Question: Less than a week before the draft, are you happy with the research and planning that you’ve done?
Ciolek: “Obviously, there was an adjustment period with the shutdown, a lot of the NCAA and the high school games being canceled, but I think all things considered … we basically had to adjust on the fly with the circumstances we were given. Our scouts have done a really good job adjusting to evaluating players, essentially on video versus being at the ballpark.
“Our analyst team has done a lot of heavy lifting in conjunction with Sig Mejdal and Michael Weis in our analytics department to lay a foundation as far as the players in this draft and, ultimately, give us a starting point to build off with four weeks of the college season, and take it from there.
“Overall, real pleased with the effort of the staff across the board. I think they did a great job, and we’ll be prepared next week. We’ll see how it all pans out.”
Q: How much tape of the guys you’re considering for the number two pick have you watched?
A: “A lot, a lot of film. It’s getting to the point now with no new games being played, you’re starting to look at the same video clips over and over again. With some schools we were able to go all the way back to when they were freshmen in college.
“We have some film of those college players when they were in high school, and we can go that far back and see where they improved. I would say in a standard scouting year, I would write, maybe 120 reports, and this year I think I’m around 150.
“Being at home has made it a lot easier, not only for me, but for our scouts. They essentially fire up the computer and log in a report later that morning instead of jumping in a plane or in the car. Our reports as a whole are up across the board, I think.
“We’ve had more reports this year in the system than we’ve ever had. About 70 percent of our reports are from video.”
Q: After spending six years with Gary Rajsich, you’re in your second draft working under Mike Elias. How has your relationship with Mike changed?

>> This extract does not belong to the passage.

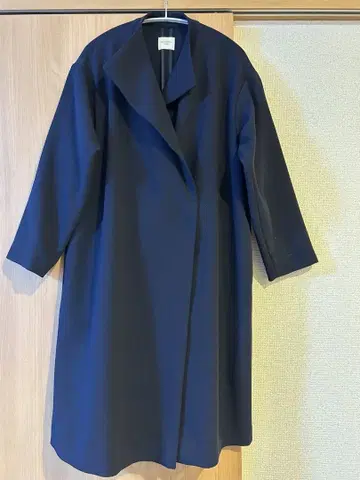 네이비 롱 코트 오픈 프론트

A: “I knew Mike from my time when I helped scout previously with the old regime. I would see Mike out on the road. I got to know him a little bit. When he came on board, he was familiar a little bit with me.
“I essentially had to show him what I was capable of doing right off the bat. When he came on board and Sig followed him shortly after, the one thing I decided to do was put together a document of where we were as a department, and I showed that to him.
“It kind of snowballed from there, and he left me in that spot. I think, so far, he’s been pleased where we are as a department. We have a lot of room to grow and a lot of things we need to develop. Two years in, we’ve made steady progress in regards to the scouting department as a whole.
“There’s a level of trust that’s developed a little bit over time because he’s been with me through one draft, and this is our second draft together. So far, I think it’s gone pretty well.”
Q: How much harder is to pick second rather than first as you did last year?
A: “I guess the number one thing is you don’t have to be the first one to take a player. You can plan as far as, ‘OK, we can look at x amount of players,’ and see which one of them goes off the board in front of us.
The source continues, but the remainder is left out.